Let’s create a new factor variable in the dataset with two levels - “weekday” and “weekend” indicating whether a given date is a weekday or weekend day
Data$date<-as.Date(Data$date)
Data2<- mutate(Data, day = ifelse(weekdays(Data$date) == "Saturday" | weekdays(Data$date)=="Sunday","weekend","weekday"))
grouped_data3<-group_by(Data2,day,interval)
newData3<-summarise(grouped_data3,Average_Steps=mean(steps))

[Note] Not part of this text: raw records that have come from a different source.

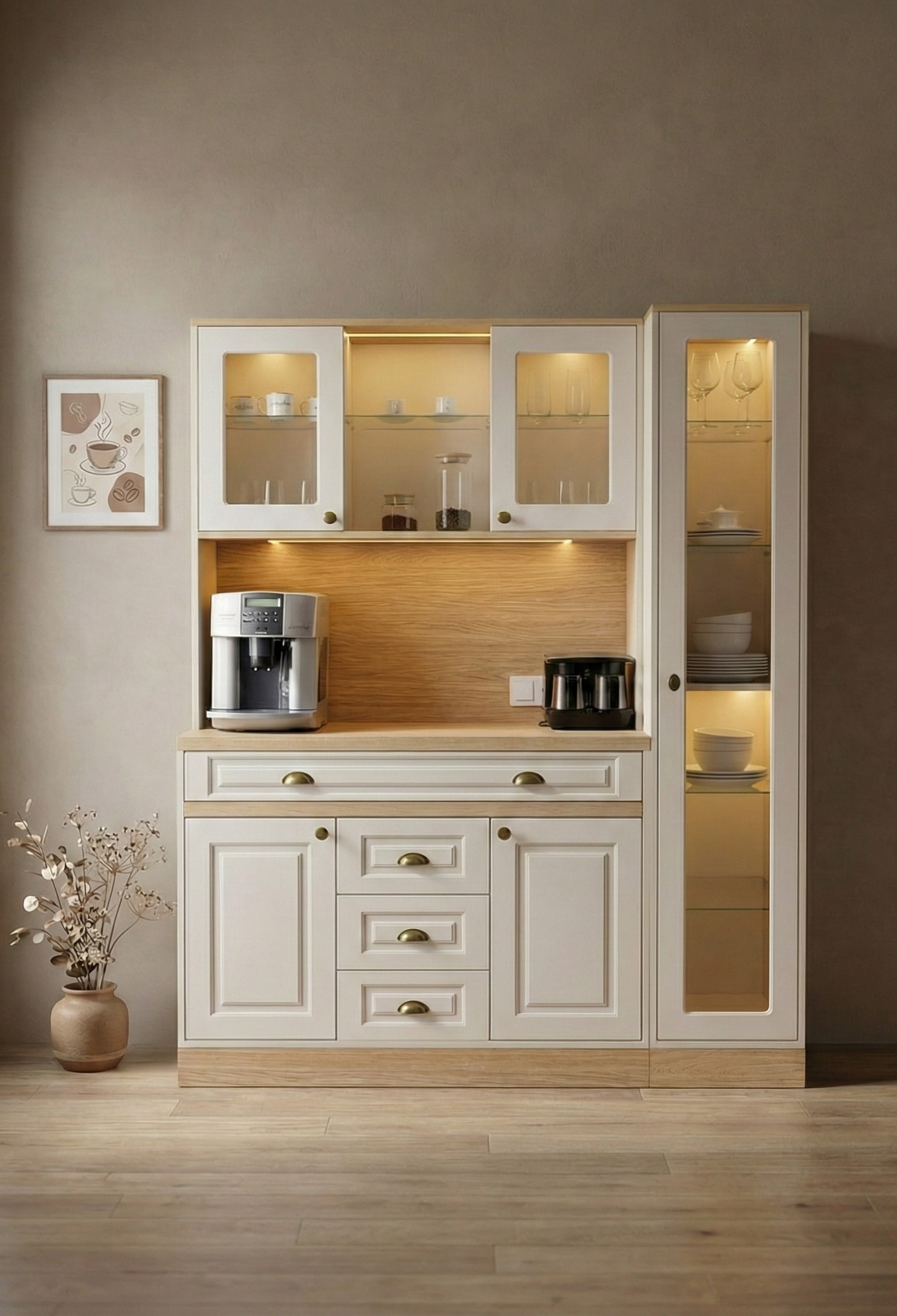 Kahve KöşesiAvm 24Mikel Masalı Meşe - Fildişi Kahve Köşesi Led Aydınlatmalı %100 Mdf Ücretsiz Montaj 160*45*200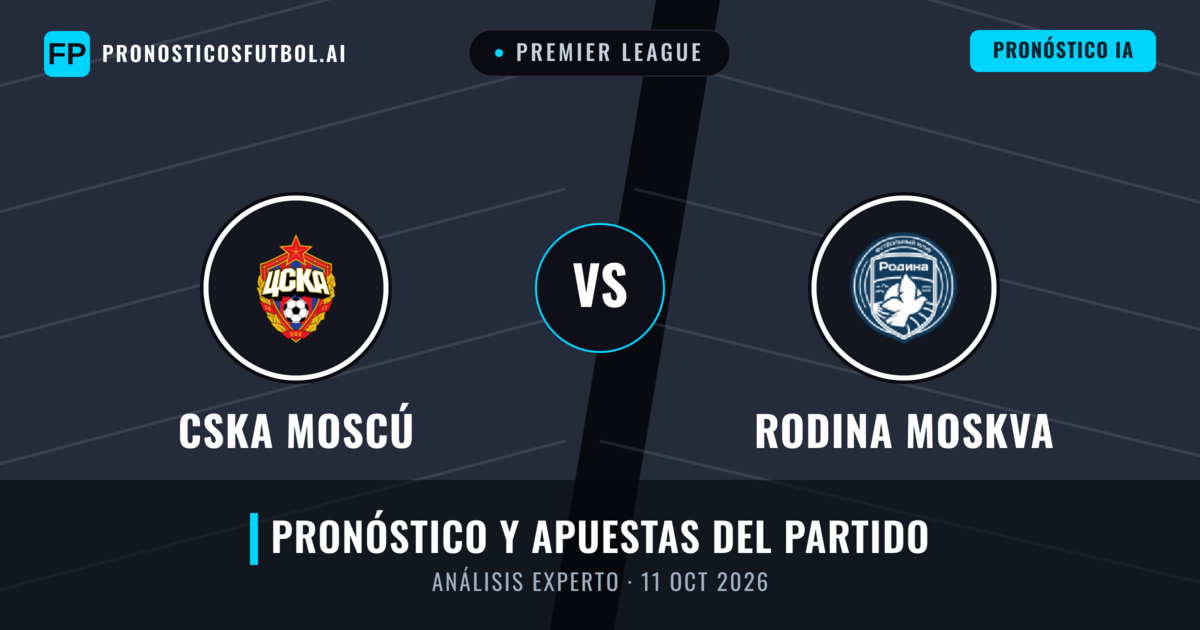 CSKA Moscú vs Rodina Moskva — pronóstico y previa del partido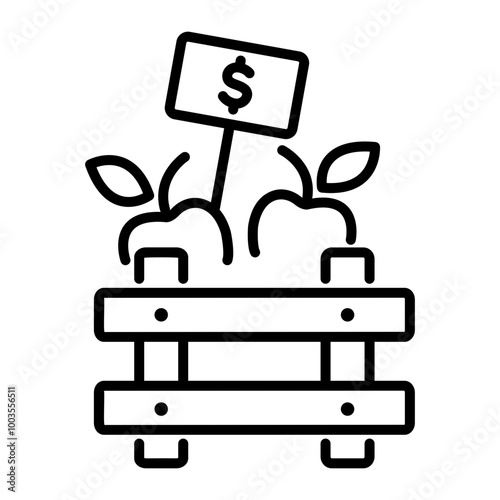 Fruit price icon in outline style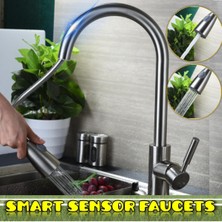 Guangdong Spirit Paslanmaz Çelik 360 ° Döndürme Çift Çıkışlı Su Modları Akıllı Dokunmatik Sensör Mutfak Lavabo Bataryası Evye Musluğu Dışarı Çekin - Siyah-Ağır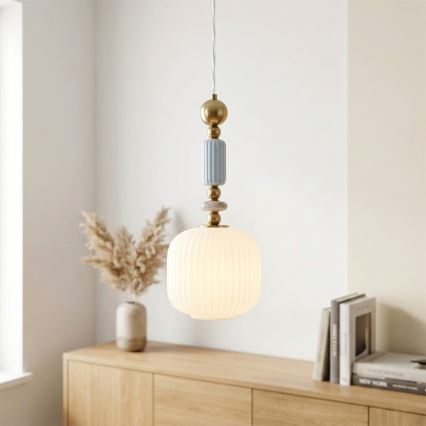 Luster na sajli ROYAL 1xE27/15W/230V zlatna/bela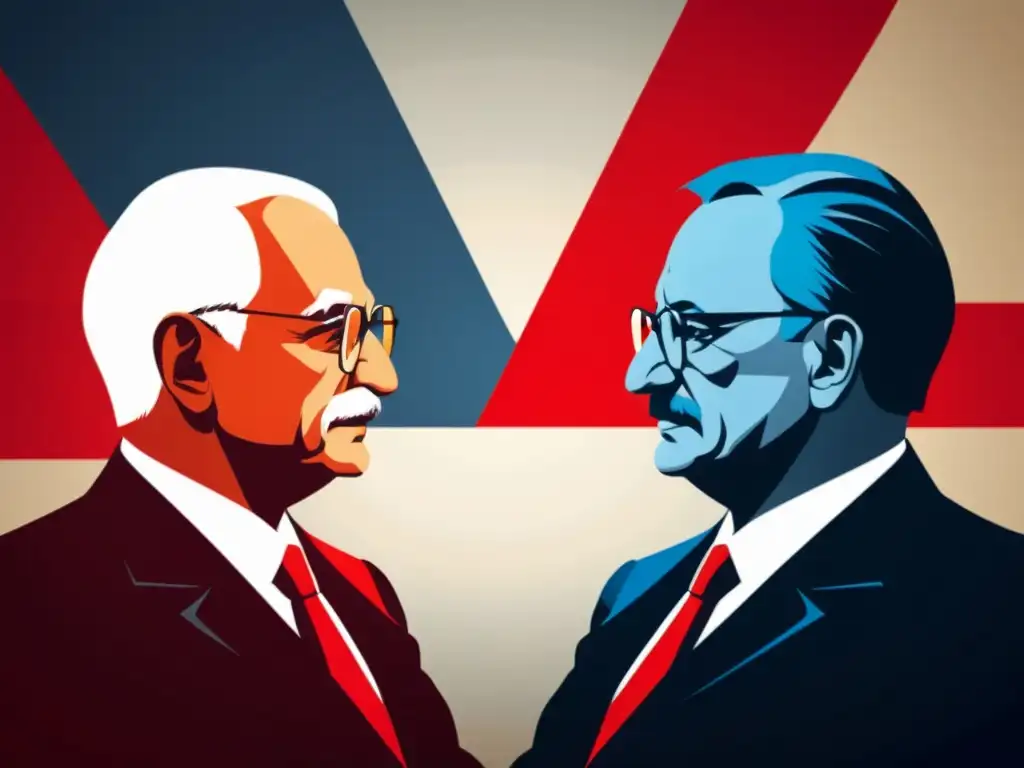 Siluetas de Mises y Hayek discutiendo frente a la bandera austriaca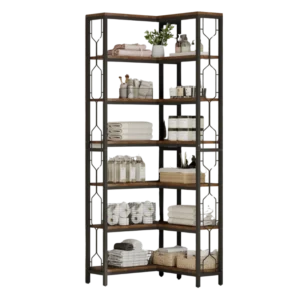 Étagère d'angle industrielle 7 niveaux bois et métal - Tess One - Photo 1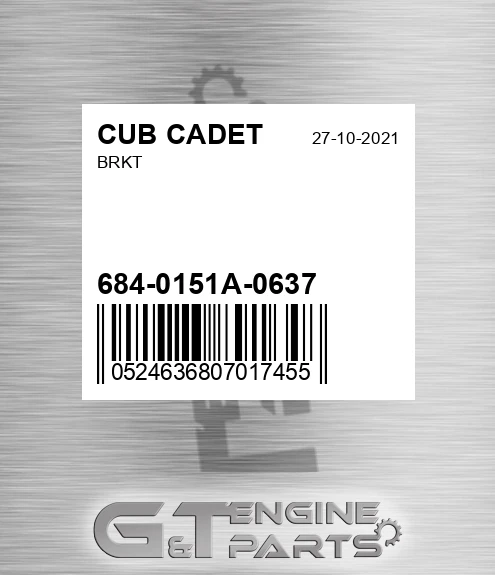 684-0151A-0637 Brkt for CUB CADET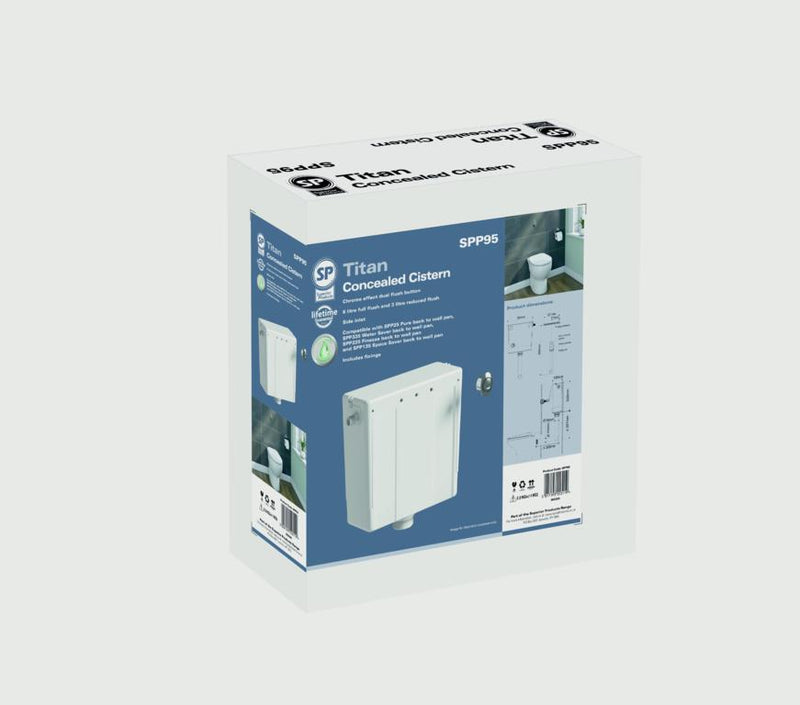 SP Titan Concealed Cistern W: 335mm H: 315mm D: 140mm
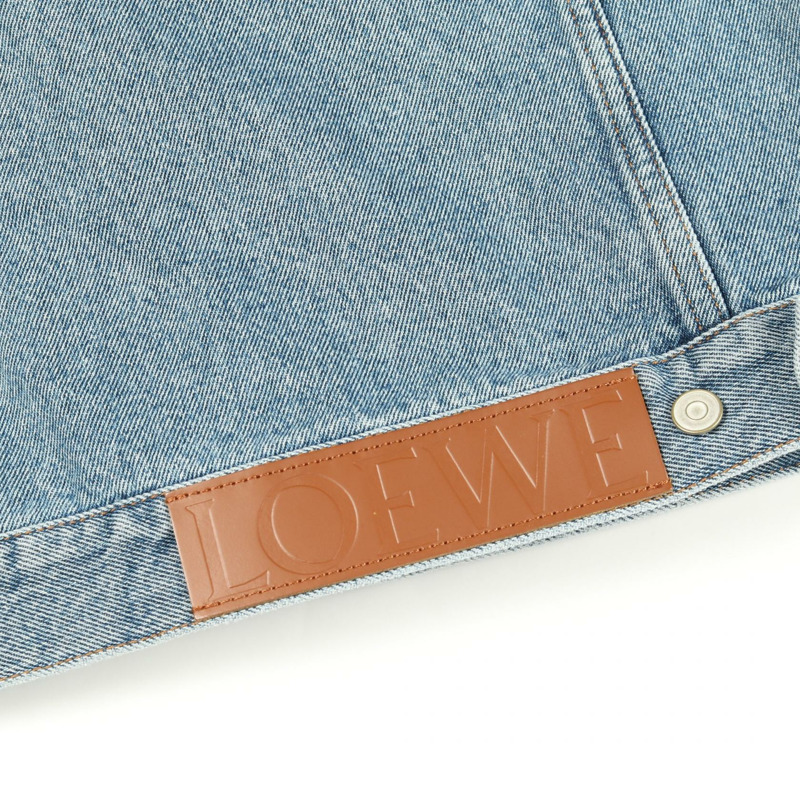 LOEWE Anagram 牛仔夾克，棉質，海軍藍，#34，二手女款-5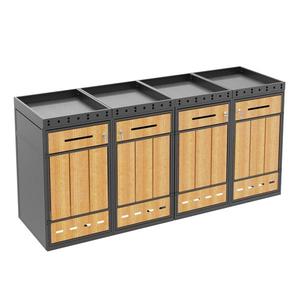 Cutie pentru pubele cu jardiniieră, pentru 4 pubele, acces frontal cu încuietoare și mâner, 264x80x124 cm, Gri+Culoare naturală imagine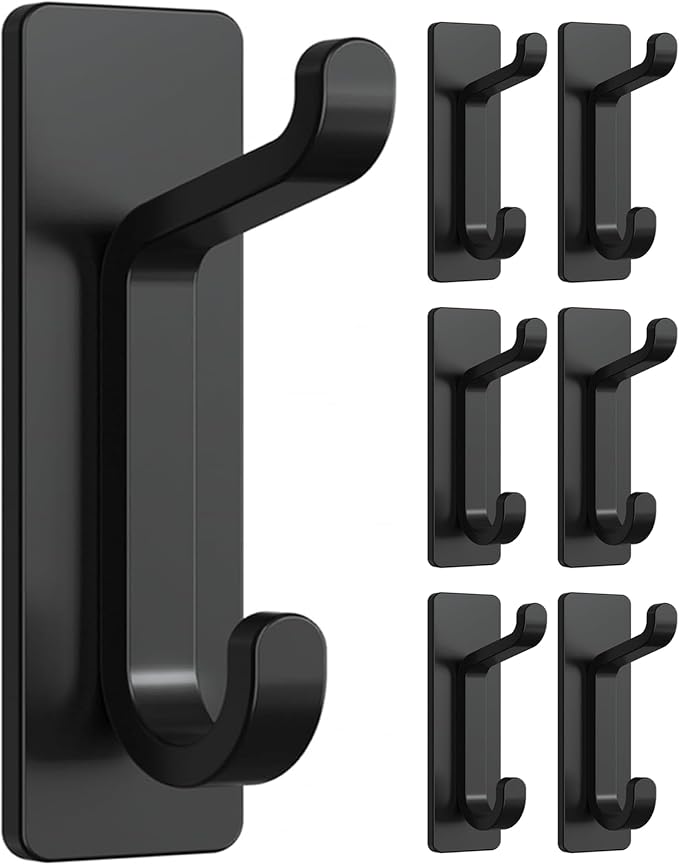 6 Pack Self Adhesive Wall Hooks for Hanging: Extra Strong 13 LB, Hook for Coat, Towel in Bathrooms, Shower, Kitchen, Wall, Door Hook, Black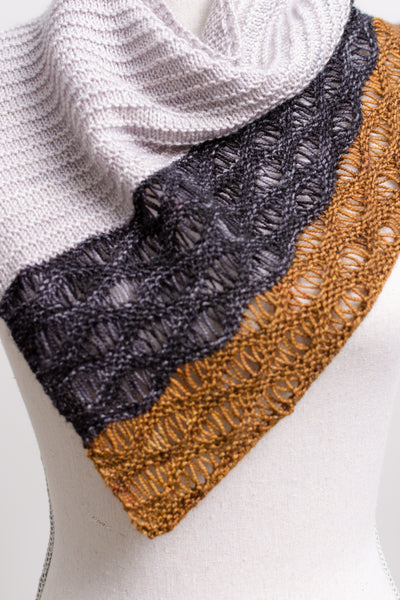 Handknit Cowl in hand dyed yarn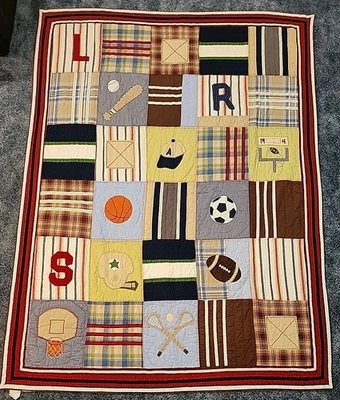 Pottery Barn Kids TWIN Junior Varsity Sports  Quilted Comforter - Image 1 of 4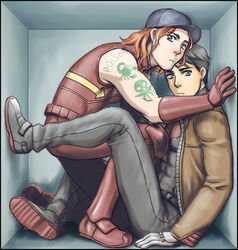  2boys arsenal arsenal_(dc) baseball_cap batman_(series) black_hair bodysuit boots box dc_comics gloves green_arrow_(series) hat in_container jacket jason_todd multiple_boys orange_hair red_hood red_hood_(dc) roy_harper sitting sleeveless tattoo 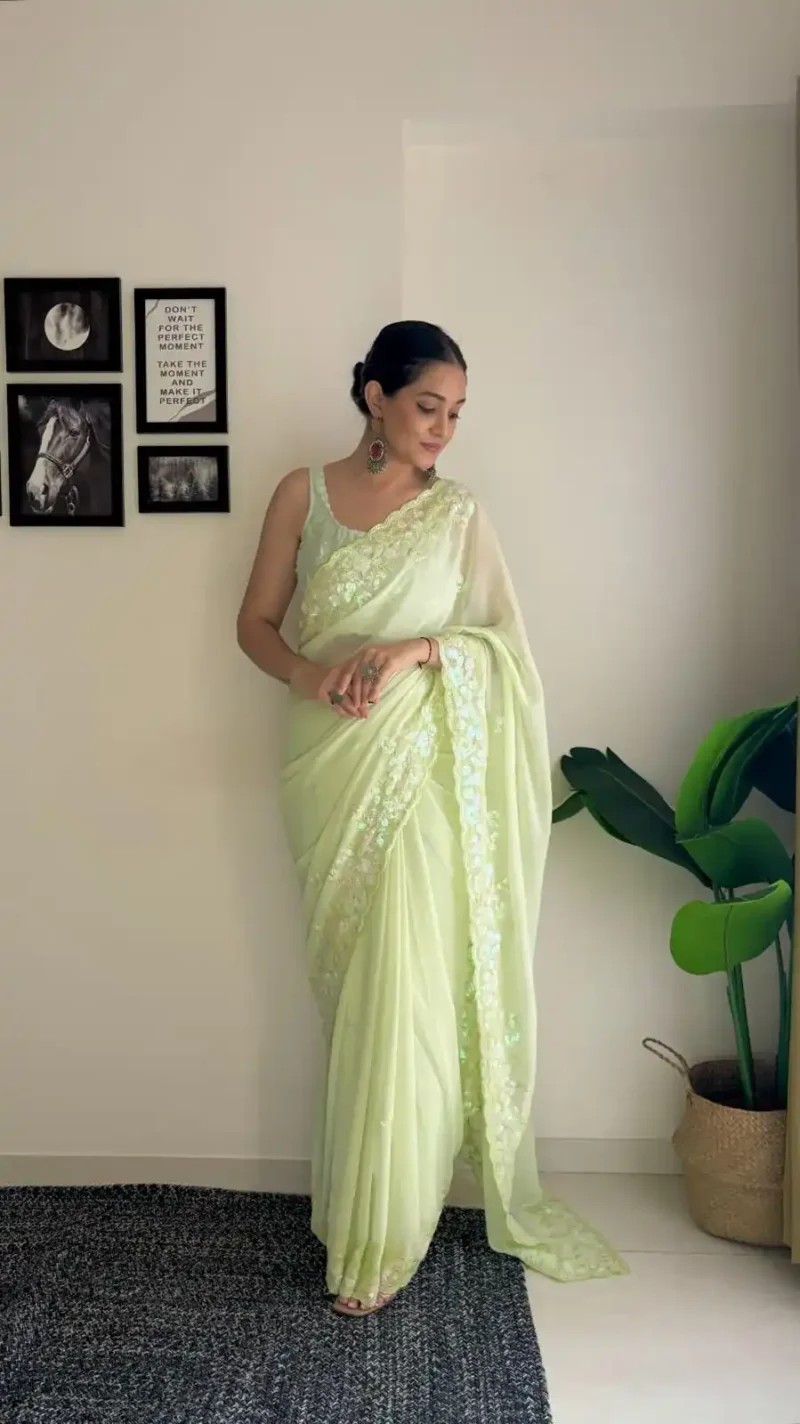Soft Georgette C pallu Sequins Embroidered Party Wear Saree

ggplot(data = newData3,aes(x=interval,y=Average_Steps))+geom_point(col='darkblue')+geom_line(col='aquamarine4')+geom_smooth(col='lightcoral')+facet_grid(~factor(day))+
labs(title='Average Steps Per Interval',x='5 minute intervals throughout the day',y='Average Steps')+
theme(plot.background = element_rect(fill='cadetblue'),panel.background=element_rect(fill='lemonchiffon2'))+
theme(plot.title = element_text(hjust = 0.5,face = 'bold',colour = 'white'),axis.text= element_text(size=12,colour='white'))+
theme(axis.line = element_line(colour = 'darkblue', size = 1.5, linetype = "solid"))+
theme(axis.title = element_text(colour = "white"))
## `geom_smooth()` using method = 'loess' and formula 'y ~ x'
In general,on weekends,average number of steps per interval throughout the day remain approximately in the inclusive range (75,125).Also any significant activity starts later in the day around 7:30-8am unlike weekdays where it started from 6am.There’s more variance in activity during the weekdays than in the weekends with the highest average steps per interval taken on weekdays. For weekdays,the trend line is right skewed showing large activity during first half of the day and low during the second half.For weekends,the trend line is left skewed showing more activity during second half of the day. Also people tend to go sleep late during weekends.This can be seen by the drop in activity to 0 at 9pm during weekdays and on the other hand,at 11pm during weekends.